De serie van Het Wereldvenster over Derde Wereld-landen (dit keer Vietnam, Moderne indianen in New Mexico, Hongkong en Suriname) is anders van opzet en toonzetting. Steeds wordt in het perspectief van een jongen of meisje van dat gebied duidelijk gemaakt hoe er geleefd en gedacht wordt. Zowel huiselijke als economische en maatschappelijke omstandigheden komen aan bod. Bruikbaar voor de documentatie van scholen (per deel ƒ 14,50). De verhalenbundel van Halil Gür, Mijn dappere moeder (De Geus, ƒ 17,50), heeft al met al ook meer informatieve waarde dan verhalende.

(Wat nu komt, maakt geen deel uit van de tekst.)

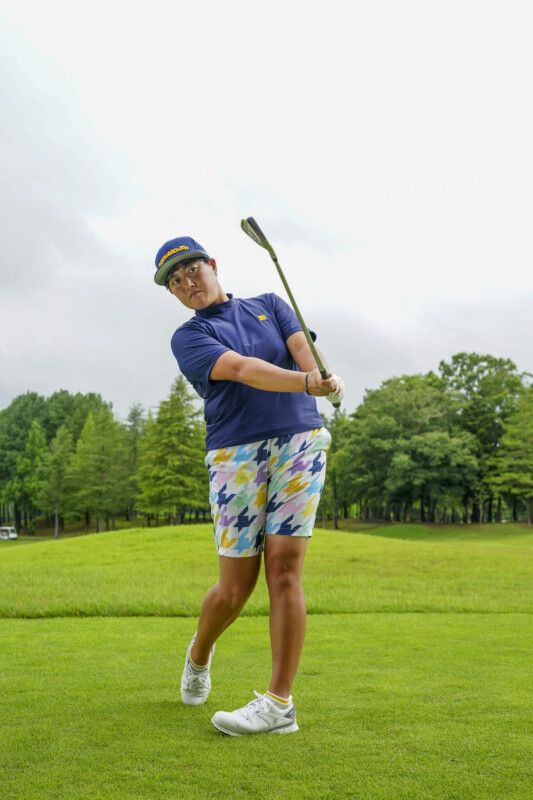 パーが簡単に獲れる“真のフェード”！打ち方を解説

Zonder ophouden getuigt Halil Gür hier van zijn grote bewondering en liefde voor zijn moeder, voor haar toewijding aan het gezin en haar voortdurende strijd voor een menswaardig bestaan. Die verering is wel wat erg nadrukkekelijk en daarom niet zo gemakkelijk mee te voelen voor Hollandse kinderen anno 1987. Het aardigste vond ik nog ‘Een handvol geld’ omdat dat verhaal helemaal van binnen uit geschreven is, dwz. met de gevoelens van een echte opgroeiende jongen. Dat zijn omstandigheden dan anders zijn, is alleen maar interessant. In de overige verhalen is de afstand tussen de verteller en het vertelde te groot, met teveel uitleg en teveel moederverering.